BEGIN Data

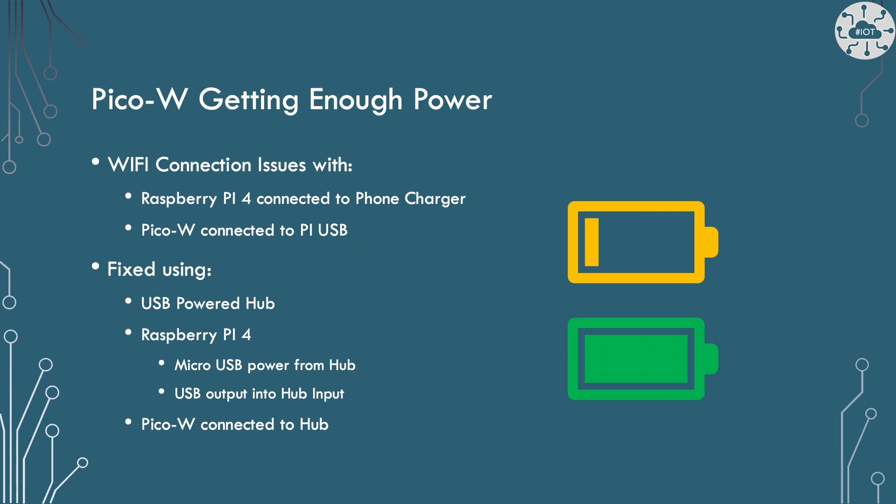I've had issues with Wi-Fi if the PicoW can't get enough power. Using a cheap phone charger to power the Pi 4 and a PicoW did not work well. Consider using a powered USB hub to connect between your host computer and the PicoW, guaranteeing that you have good power.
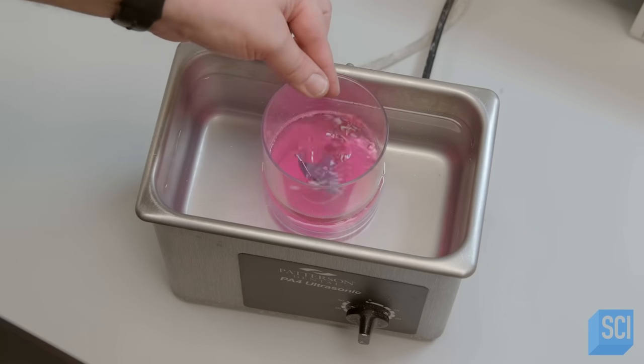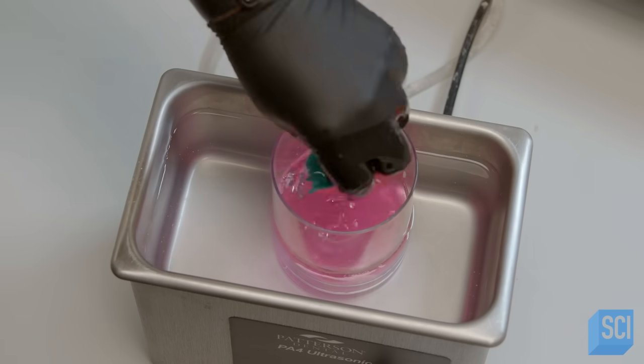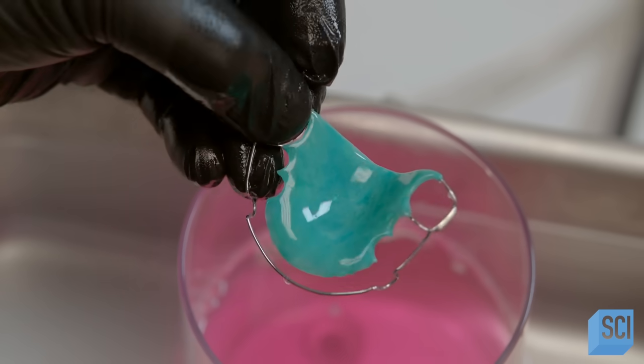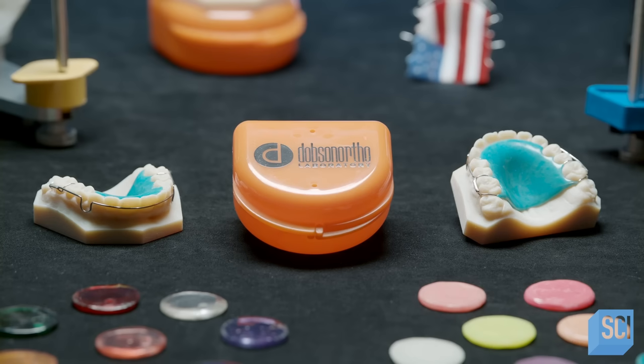Finally, he drops the retainer into an ultrasonic cleaning machine containing mild acid. The combination of acid and sonic waves removes the pumice and polish residues. Once the retainer has been rinsed with water and dried, it's placed in a storage case. Now it's ready to be shipped to the orthodontist.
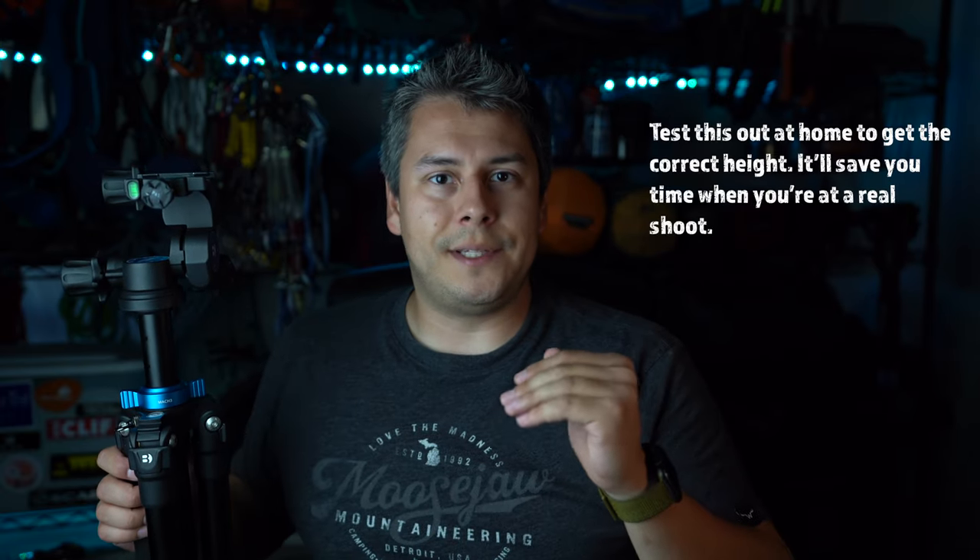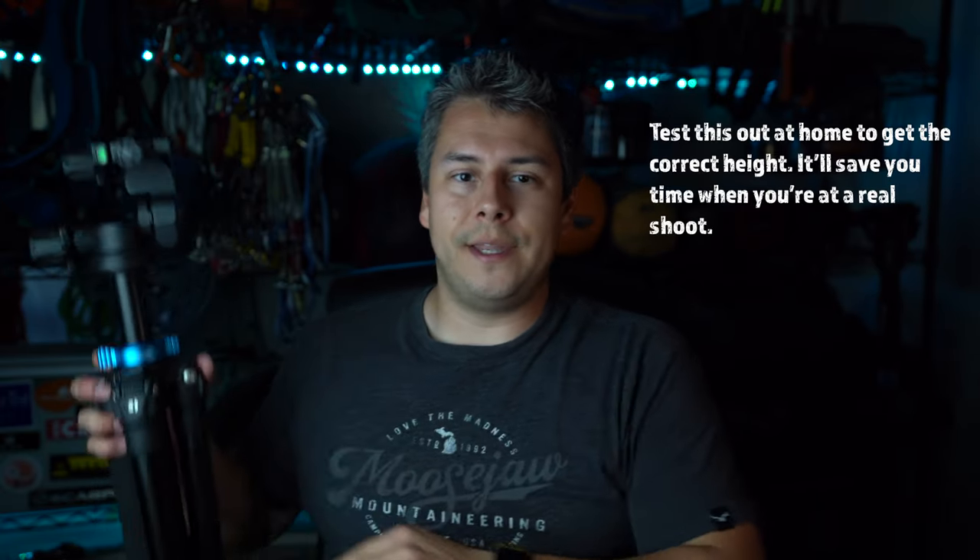One thing to note about center column tripods is they are not nearly as stable as ones without a center column, especially the higher it goes because the center of gravity is higher. So make sure when you're picking a tripod, it's stable. Here's a little tip: when you're at home, set the legs up and bring the apex down to the point where it's just uncomfortable to have your hand between the legs and the apex - that's the perfect height for seated height. When you need to raise it for cabinets, just pull it up. When you need to go back to the living room, bring it back down to that squished position and you're good to go every time.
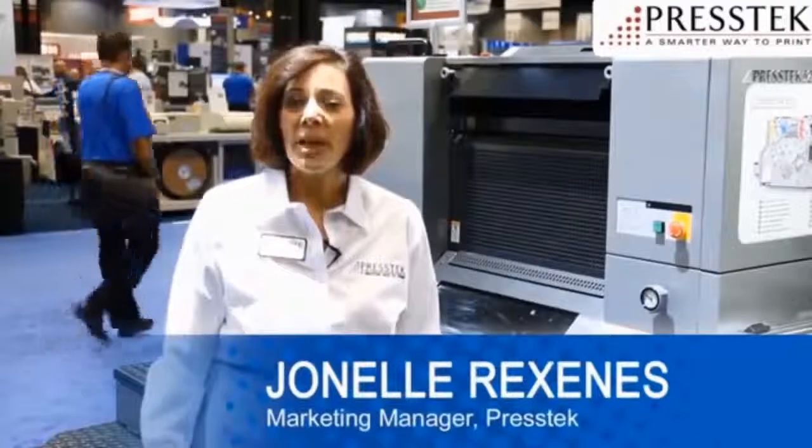Hi, I'm Janelle Rexinas, PressTech Marketing Manager. Here at the GRAPH Expo, we're showing our eco-friendly equipment and plates, and our industry-proven thermal laser imaging technologies.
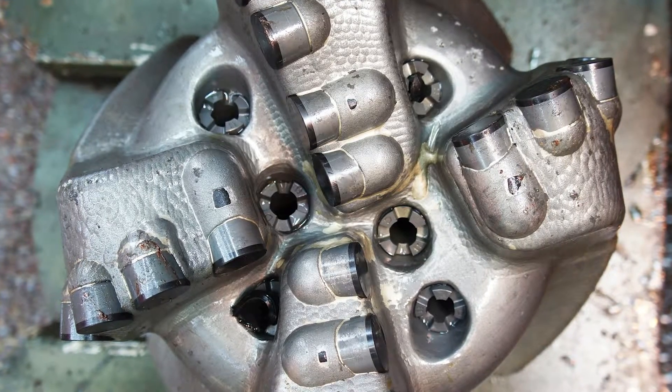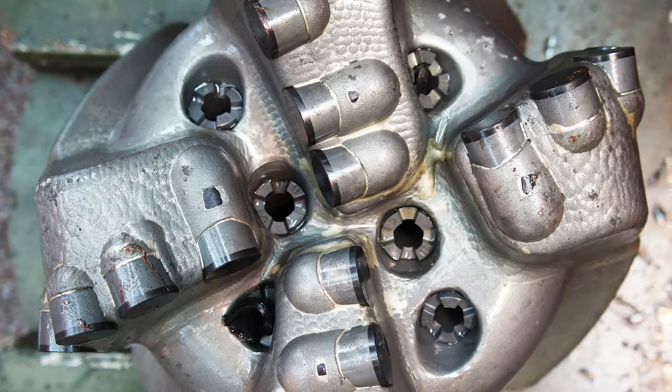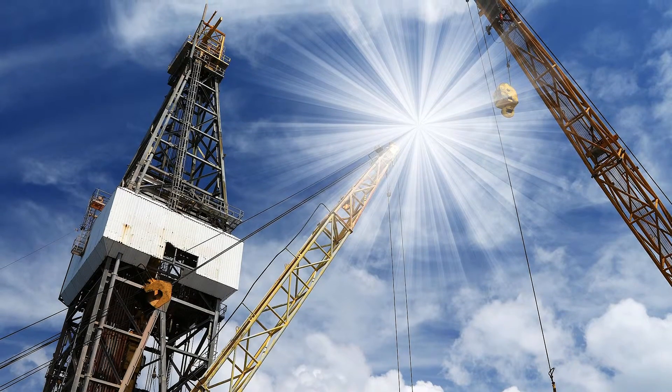We're working to adjust the requirements and define technology qualification procedures, since the technology is a little bit different, and we're pretty active with many of the vendors and drilling contractors working on that technology.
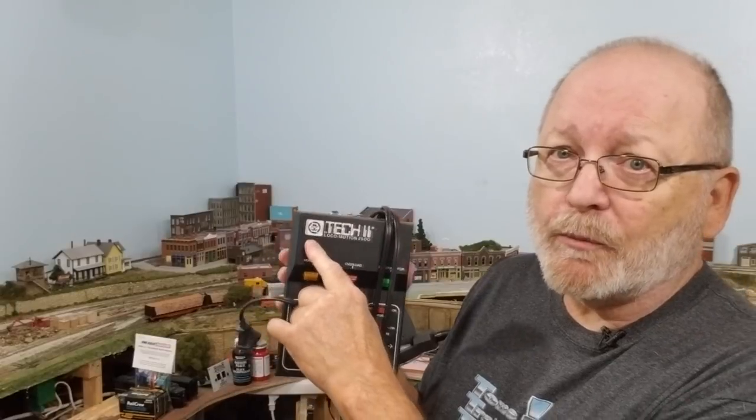Most of the power supplies you'll find are from MRC — and this is not a paid endorsement, I'm not getting paid by them to talk about this — but most of the power packs you're going to find for HO or N scale are going to be MRC because they make a lot of different versions. So let's go on the computer to see what's available.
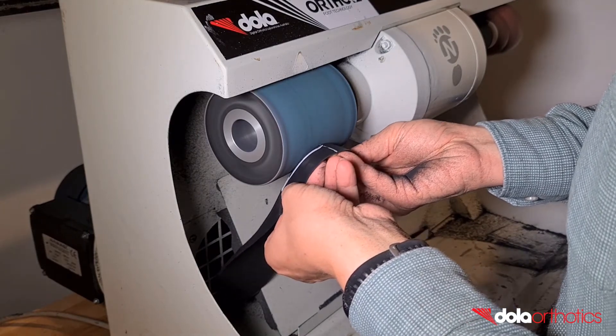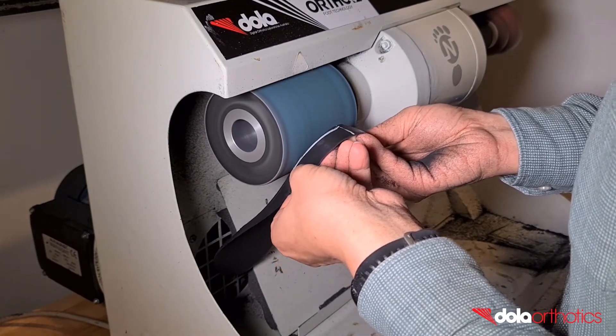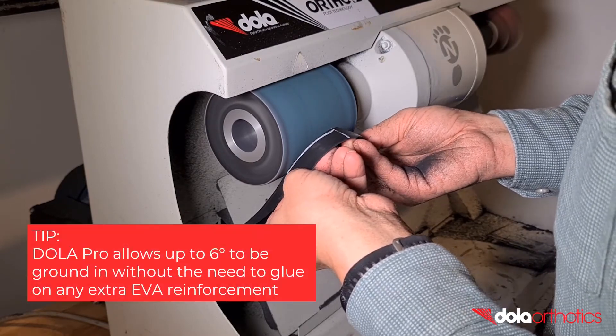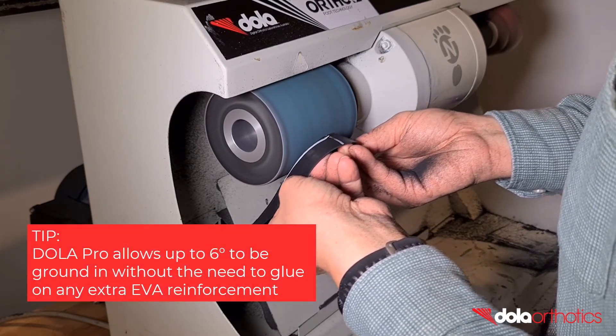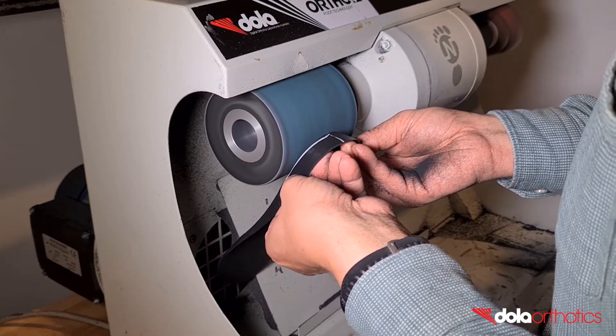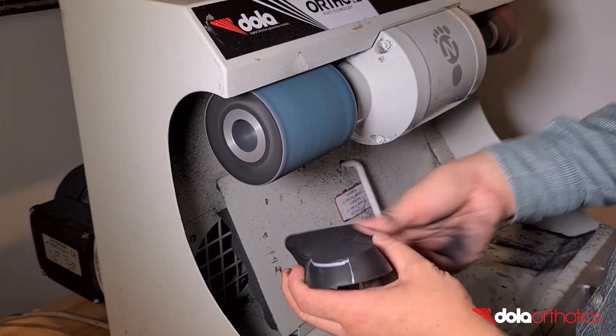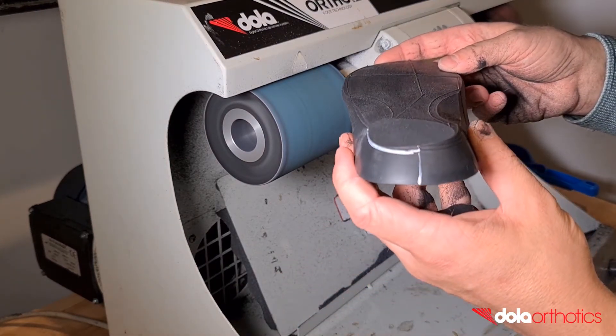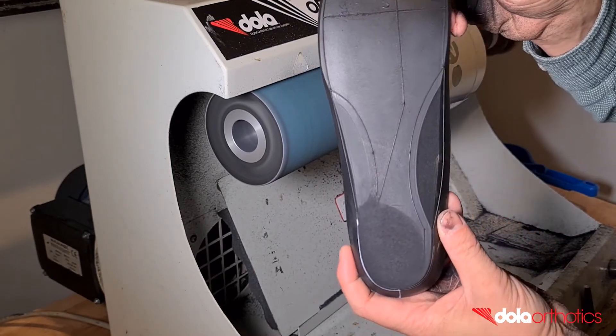Continue to remove material until your grind connects the lateral and medial sides of the rear foot post. The Dollar Pro allows practitioners to grind in a varus rear foot post up to 6 degrees without the need to glue on extra EVA reinforcement. Clinical markings including the heel bisection line and the rear foot post guidelines aid in symmetrical grinding and accurate prescription.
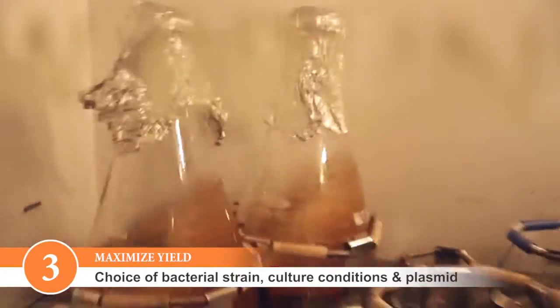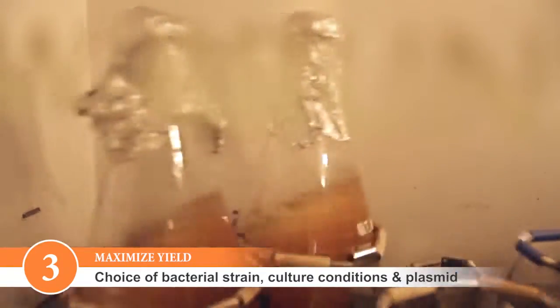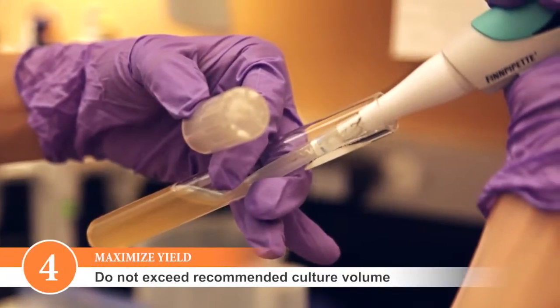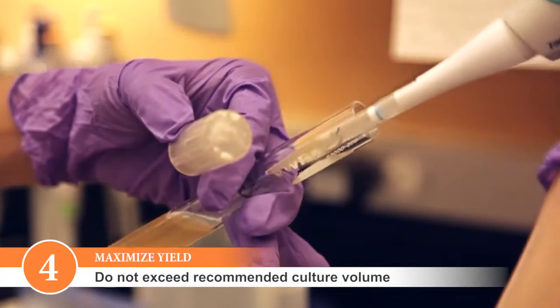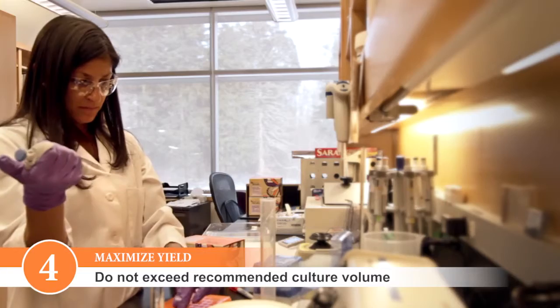Please keep in mind that the amount of plasmid DNA you can obtain from a culture depends on the strain of E. coli used, the culture conditions including the media used, and the plasmid copy number. Be careful not to use cell culture volumes that are larger than those recommended, as this can limit the efficiency of lysis, resulting in lower purity and lower yields.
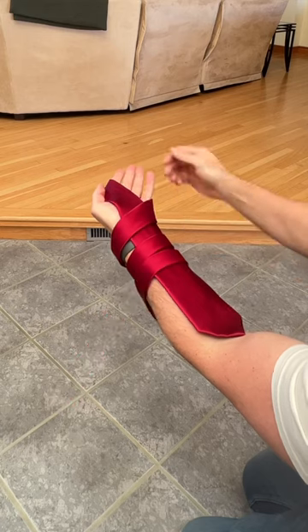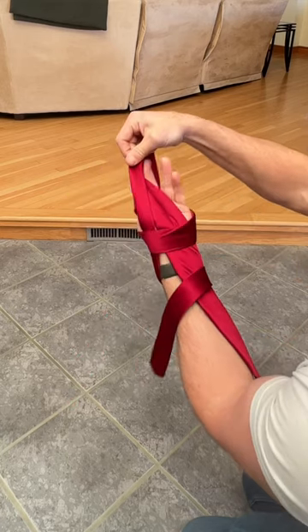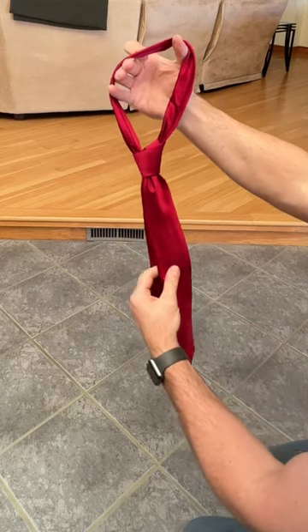Then you'll reach underneath that first loop and grab the second one and pull your hand out. And boom, you're ready to put it around your neck.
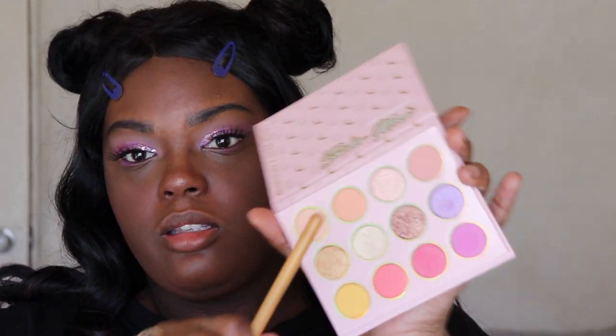I'm gonna take this shade — not Silver Millennial. Wait, is it wrong to call it Silver Millennial? Oh, there is one called Silver Millennial! Hey guys, it's Taylor. Welcome back to our channel. Today I'm doing a tutorial and review of the Colourpop and Sailor Moon collab.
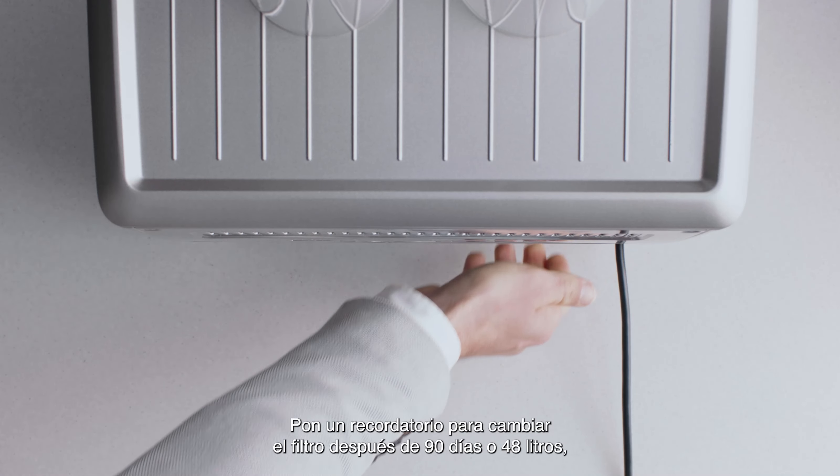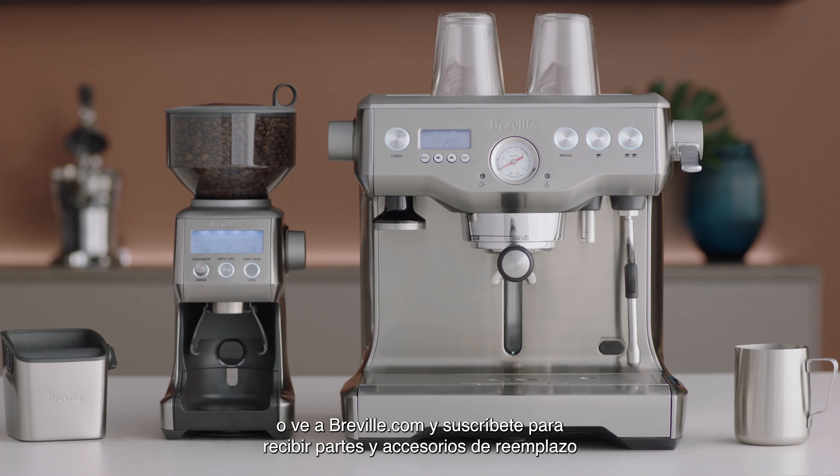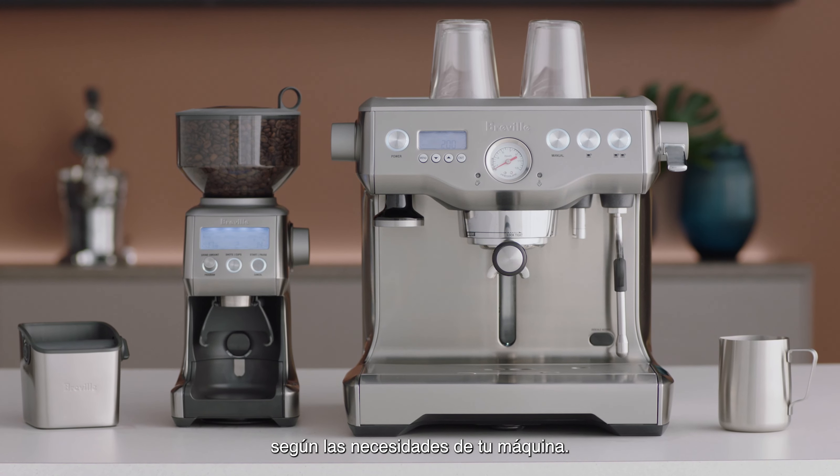Set a reminder to change the filter after 90 days or 10.6 gallons. Or head to Breville.com and subscribe to an automatic top-up of parts and accessories, which will be delivered to you based on the requirements of your machine.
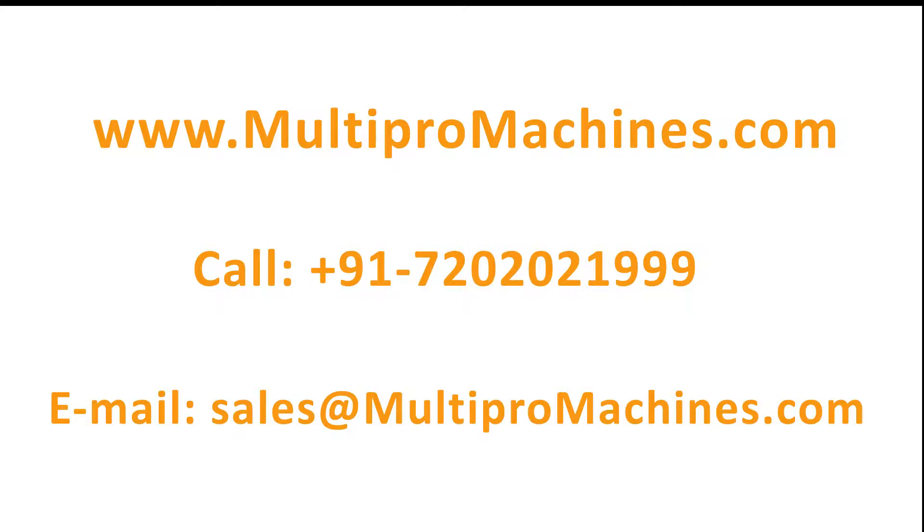Log on to multipromachines.com. Thank you.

END Data

Problem to solve.
Please output the lines from the line that holds "Then you'll reach" through the final line of the material above, both included. Each line must match exactly, and pictures must be excluded.

Exercise response.
Then you'll reach underneath that first loop and grab the second one and pull your hand out. And boom, you're ready to put it around your neck.
I'm gonna take this shade — not Silver Millennial. Wait, is it wrong to call it Silver Millennial? Oh, there is one called Silver Millennial! Hey guys, it's Taylor. Welcome back to our channel. Today I'm doing a tutorial and review of the Colourpop and Sailor Moon collab.
Set a reminder to change the filter after 90 days or 10.6 gallons. Or head to Breville.com and subscribe to an automatic top-up of parts and accessories, which will be delivered to you based on the requirements of your machine.
Log on to multipromachines.com. Thank you.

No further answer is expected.